E, para compensar tudo isto, o governo criou um sem-fim de taxas e contribuições. Não é verdade?

As contribuições sociais passaram a ser, portanto, a opção mais econômica e eficiente para aumento da arrecadação federal. Nesse contexto, foram instituídas a Contribuição Social para o Lucro Líquido (CSLL) e os tributos sobre movimentação financeira (antes o IPMF, hoje a CPMF), e aumentadas às bases de cálculo e alíquotas da Cofins e do PIS. Nada mais do que o recurso à única opção efetiva para expansão das receitas públicas federais. Em conseqüência, o equilíbrio fiscal da União foi assegurado às custas da qualidade dos seus tributos, pois ocorreu um desproporcional aumento dos tributos cumulativos. Ainda que não concorde com o emocionado dogmatismo contra a cumulatividade tributária, sou forçado a reconhecer que ela produz algumas distorções na alocação de recursos na economia.

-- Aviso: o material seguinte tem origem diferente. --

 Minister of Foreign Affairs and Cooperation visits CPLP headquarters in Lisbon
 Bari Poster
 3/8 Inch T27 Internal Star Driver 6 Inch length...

Existem outras distorções? O que fazer pára desatar todo esse nó?

A dependência dos fundos constitucionais da arrecadação do IR e do IPI gera outros problemas. A maior parte dos municípios, especialmente os pequenos, depende de transferências do FPM. Quando, por qualquer motivo, há uma redução na arrecadação desses impostos os pequenos municípios entram em pânico. Por exemplo, à época da restituição do Imposto de Renda das pessoas físicas há evidentemente uma redução na receita líquida desse imposto e, por conseguinte, nas transferências do FPM. As contas municipais entram em turbulência. Recentemente, fomos ameaçados até por uma anedótica greve de prefeituras. Como desatar esse nó? A base de cálculo para as transferências federais para estados e municípios deveria ser a arrecadação do conjunto de impostos e contribuições, e não apenas do IR e do IPI. É claro que o percentual das transferências deveria ser revisto. Não mais a metade do IR e IPI, mas algo como 23% da arrecadação federal de impostos e contribuições, o que seria neutro em termos de partilha de rendas.

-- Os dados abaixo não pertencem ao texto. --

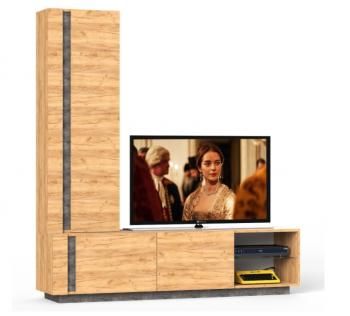 Гостиная Mobi Арчи № 01 10.86 + 10.05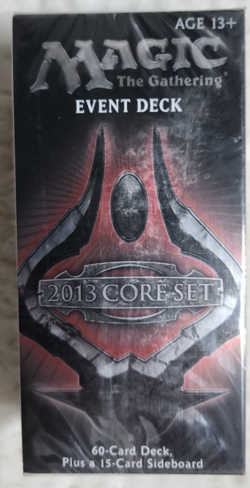 Magic The Gathering Sweet Revenge Event Deck SEALED 2013 Core Set MTG - Image 2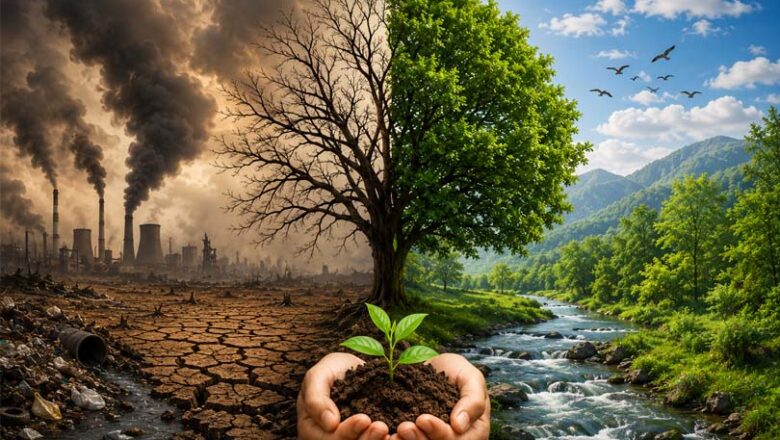 विश्व पर्यावरण दिवस 2026: प्रकृति की ओर लौटना ही जीवन की संजीवनी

O senhor acredita que isso funcionaria bem?

Essa mudança produziria efeitos extraordinários. A CSLL poderia ser simplesmente incorporada ao IRPJ e o PIS à Cofins. Os efeitos da cumulatividade seriam francamente minimizados. Haveria uma estabilidade nas transferências para os estados e municípios. A União poderia, enfim, fazer política tributária. Remanesce o nó da carga tributária. Enfrentá-la requer atenção em dois pontos: evasão fiscal e tamanho do gasto público. Para reduzir os níveis de evasão fiscal, ao menos tem que haver um contínuo aperfeiçoamento da administração tributária e simplificação da legislação. Entretanto, a principal via hoje utilizada para evitar o pagamento de impostos é o recurso às liminares e os embargos na execução da dívida ativa. As legislações infraconstitucionais que dispõem sobre a suspensão da exigibilidade do crédito e sobre a execução fiscal merecem uma profunda revisão. São mudanças que não têm a mesma visibilidade de uma emenda constitucional, porém vão ao âmago da questão.

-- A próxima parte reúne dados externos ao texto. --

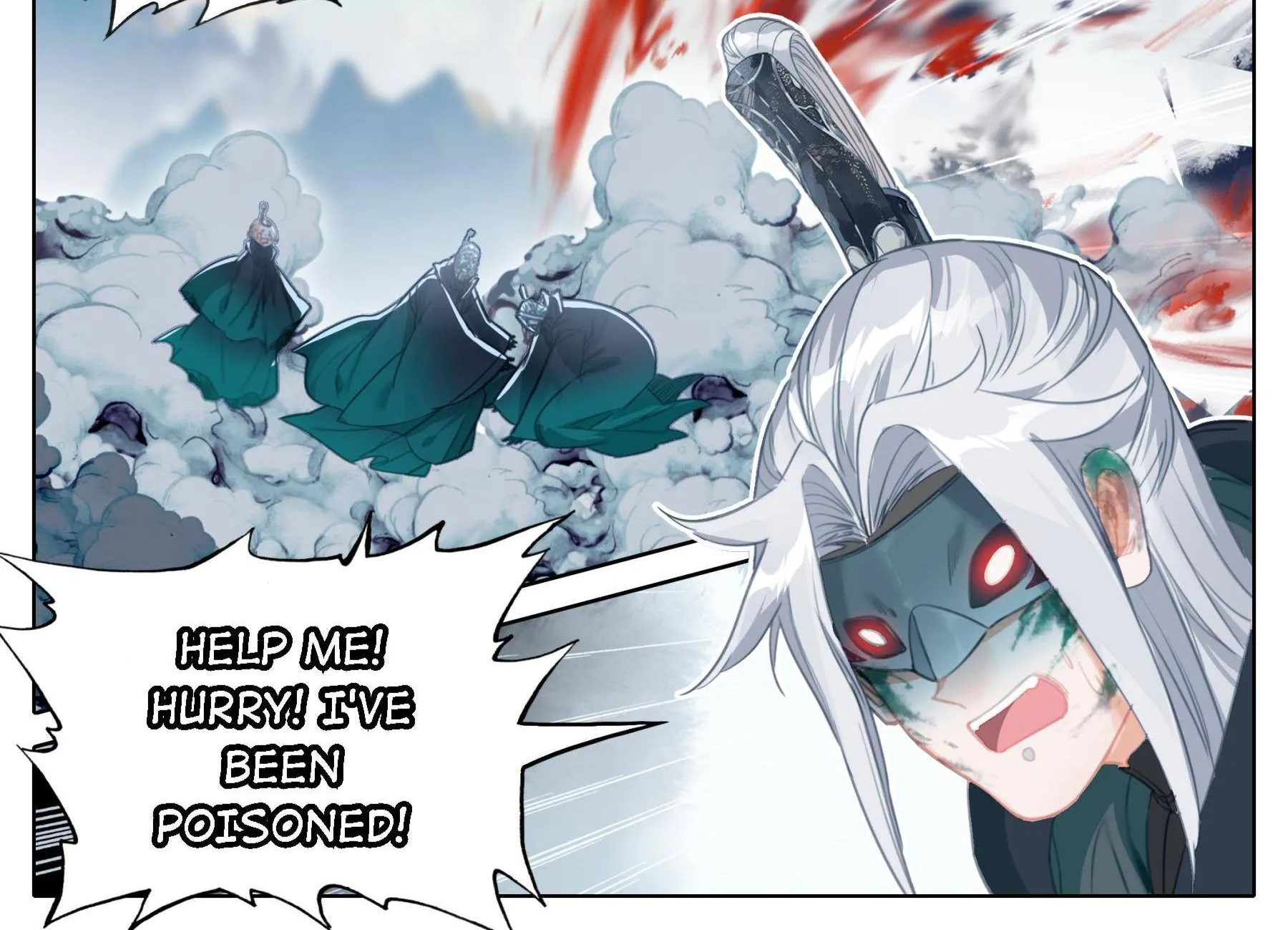 Read I Will Become an Immortal chapter 128 image 19 on Lezhin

E o que fazer, então, para se chegar a uma solução duradoura e eqüitativa?

Costumo dizer, metaforicamente, que carga tributária não se faz com tributos, mas com despesas. Desviar o olhar dessa matéria é simplesmente renunciar a qualquer possibilidade de redução do tamanho da carga tributária. É verdade que reestruturar o gasto público não é tema fácil. Nenhuma despesa é órfã. Qualquer movimento para eliminar ou reduzir um gasto público provoca sentimentos hostis e resistências férreas. Devemos, contudo, em algum momento, repensar o federalismo fiscal brasileiro. Tratar das competências concorrentes e das transferências voluntárias, instituir as competências supletivas. Caminhar na direção de um verdadeiro federalismo cooperativo. Como pensar em repartir receitas, sem estabelecer a partilha de encargos? Como diminuir a carga tributária, sem reduzir as despesas? Esses nós já poderiam ter sido desatados. Lamentavelmente, não foram. Creio que é chegada a hora de abandonarmos o frenesi reformista e fincarmos raízes mais sólidas.